Nature Communications dankt den anonymen Gutachtern für ihren Beitrag zum Peer-Review dieser Arbeit. Peer-Reviewer-Berichte sind verfügbar.

Anmerkung des Herausgebers Springer Nature bleibt hinsichtlich der Zuständigkeitsansprüche in veröffentlichten Karten und institutionellen Zugehörigkeiten neutral.

Open Access Dieser Artikel ist unter einer Creative Commons Attribution 4.0 International License lizenziert, die die Nutzung, Weitergabe, Anpassung, Verbreitung und Reproduktion in jedem Medium oder Format erlaubt, sofern Sie den/die ursprünglichen Autor(en) und die Quelle angemessen angeben. Geben Sie einen Link zur Creative Commons-Lizenz an und geben Sie an, ob Änderungen vorgenommen wurden. Die Bilder oder anderes Material Dritter in diesem Artikel sind in der Creative Commons-Lizenz des Artikels enthalten, sofern in der Quellenangabe für das Material nichts anderes angegeben ist. Wenn Material nicht in der Creative-Commons-Lizenz des Artikels enthalten ist und Ihre beabsichtigte Nutzung nicht durch gesetzliche Vorschriften zulässig ist oder über die zulässige Nutzung hinausgeht, müssen Sie die Genehmigung direkt vom Urheberrechtsinhaber einholen. Um eine Kopie dieser Lizenz anzuzeigen, besuchen Sie http://creativecommons.org/licenses/by/4.0/.

Nachdrucke und Genehmigungen

Park, H., Na, M., Kim, B. et al. Deep Learning ermöglicht eine referenzfreie isotrope Superauflösung für die volumetrische Fluoreszenzmikroskopie. Nat Commun 13, 3297 (2022). https://doi.org/10.1038/s41467-022-30949-6

Zitat herunterladen

Eingegangen: 18. Mai 2021

Angenommen: 10. Mai 2022

Veröffentlicht: 08. Juni 2022

DOI: https://doi.org/10.1038/s41467-022-30949-6

Jeder, mit dem Sie den folgenden Link teilen, kann diesen Inhalt lesen:

Leider ist für diesen Artikel derzeit kein Link zum Teilen verfügbar.

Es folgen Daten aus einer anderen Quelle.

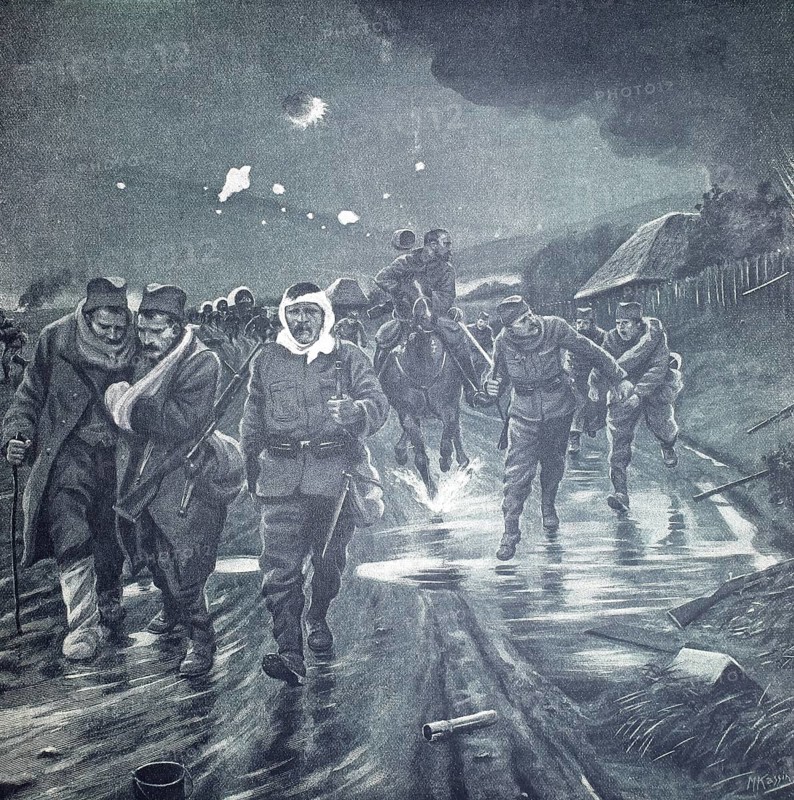 1st World War, the Serbs on the retreat (original pictorial text from 1915, original colouring), illustration, reproduction from a 19th century original. Authentic, file restored for optimal use, exact date of original unknown, historical, soldiers fleeing through the rain at night, accompanied by a horse. The atmosphere is tense and oppressive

Bereitgestellt von der Content-Sharing-Initiative Springer Nature SharedIt

Durch das Absenden eines Kommentars erklären Sie sich damit einverstanden, unsere Nutzungsbedingungen und Community-Richtlinien einzuhalten. Wenn Sie etwas als missbräuchlich empfinden oder etwas nicht unseren Bedingungen oder Richtlinien entspricht, kennzeichnen Sie es bitte als unangemessen.